Partial, at least they are going to seminars!!! Kinda makes you wonder how they've been getting along all those years, lol.

Cat groomers are one in a MILLION!! I don't do cats, cause I like my hands, fingers, and face INTACT, hehe. I'll leave them to the cat PRO'S


----------



## Olie (Oct 10, 2009)

I've said it before and I will again. I WISH some of the groomers that are on this forum lived near me!! I would be at your tables in a heartbeat, and I do appreciate the groomers that support my home cuts I have done as well suggestions and creative ideas and so on......


----------



## Purple Poodle (May 5, 2008)

> So many people are telling their HORROR stories and being told to just *"buy the stuff and do your own grooming"* that it really gives the impression there are no good groomers.


This statement makes me cringe every time. Its not that simple  As you can see not even people who claim to be groomers can "buy the stuff and do it".

You live and learn with choosing a groomer, I have many people who went to the shop that can afford the fancy advertising and when they hacked up their dog they found me after asking around. It seams like now a days every schmo with set of clippers are opening up shop and calling them selves groomers. Its not like a hair salon there are no dog grooming state boards that you are required to pass.

I'm not bothered by "groomer bashing" because I know how hard it is to groom well that when the people who "buy the stuff and do your own grooming" come crying when they have a bald hacked up dog who needs a fix up my job will be there in the morning. 

Choosing a groomer is like choosing a breeder not all of them know what they are doing but when you find a great one stick with them.


----------



## flyingduster (Sep 6, 2009)

IMO there is absolutely NO 'groomer bashing' or 'down with groomers' talk on this forum. I'm surprised really by how very very little groomer bashing there is actually!

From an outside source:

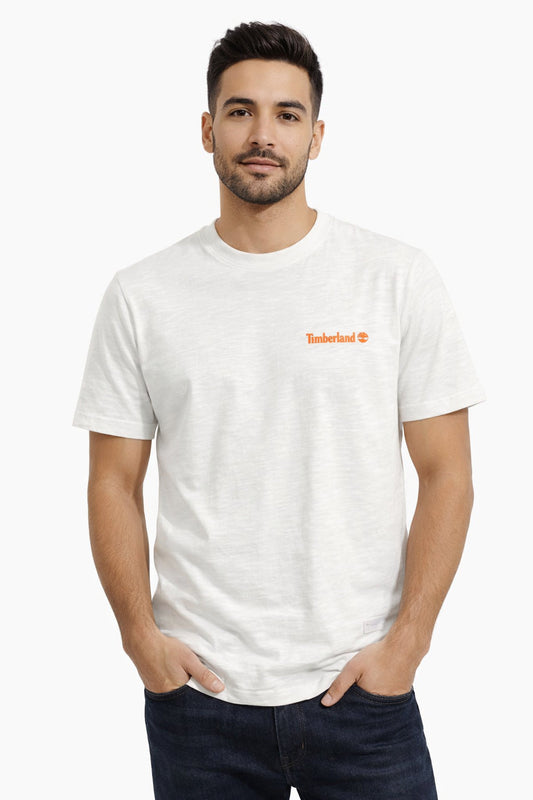 Timberland T-shirt manica corta da uomo con stampa Fishing TB0A5MPG 100 bianca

Now, there is CERTAINLY individual bashing, and "down with XXX groomer" talk, but it has NEVER been generalised to mean all groomers! Generally in any 'omg, bad groomer' threads there are any number of stories about people who had terrible groomers, but have now found a great one, as well as suggestions to go BACK and talk to the groomer about something, or more suggestions on what to be looking for next time when tryign to find a good groomer. There has never _ever_ been the suggestion that all groomers charge too much and are bad.

Generally the suggestions to learn to home groom are from those who have run out of many options for finding a decent groomer they can get to and/or afford; NOT because it is deemed most groomers are crap therefore you should only do it at home! But for people who live out of the way, or only have a few local groomers, or simply can't afford the high level of grooming that poodles require (heck, if I didn't groom, I couldn't afford to pay for it either!) then SURE home grooming is a great idea!

For those who have had minor problems it's generally suggested to go back to the groomer and talk to them, or suggestions are offered in finding a new groomer.

No groomer bashing happens on here, not nearly as much as the client bashing as goes on on the grooming forums anyway! haha!


----------



## Trillium (Sep 1, 2009)

I posted a thread about what I thought was a bad groom of my three poodles (and it was) as well as some serious bruising that Sport had I thought at the time it was the result of bad grooming. But many of you suggested that it sure looked like something much more serious and unfortunately you were right. The thread started out with me being quite upset with my groomer and ended up with finding out that Sport had serious health issues that had nothing to do with the grooming he had received. 

The value of this forum is that we can share information with each other and hopefully learn from each other's experiences. Ok sometimes we get upset and aren't as tactful as we should be. Certainly I know there are some amazing groomers out there and I totally admire their work. Unfortunately as with any industry there are some really lousy ones as well. Sometimes a really good groomer gives a dog a really bad haircut. I've got to say though this forum has also shown me many other clips that I wasn't aware of and handed out some amazing advise. 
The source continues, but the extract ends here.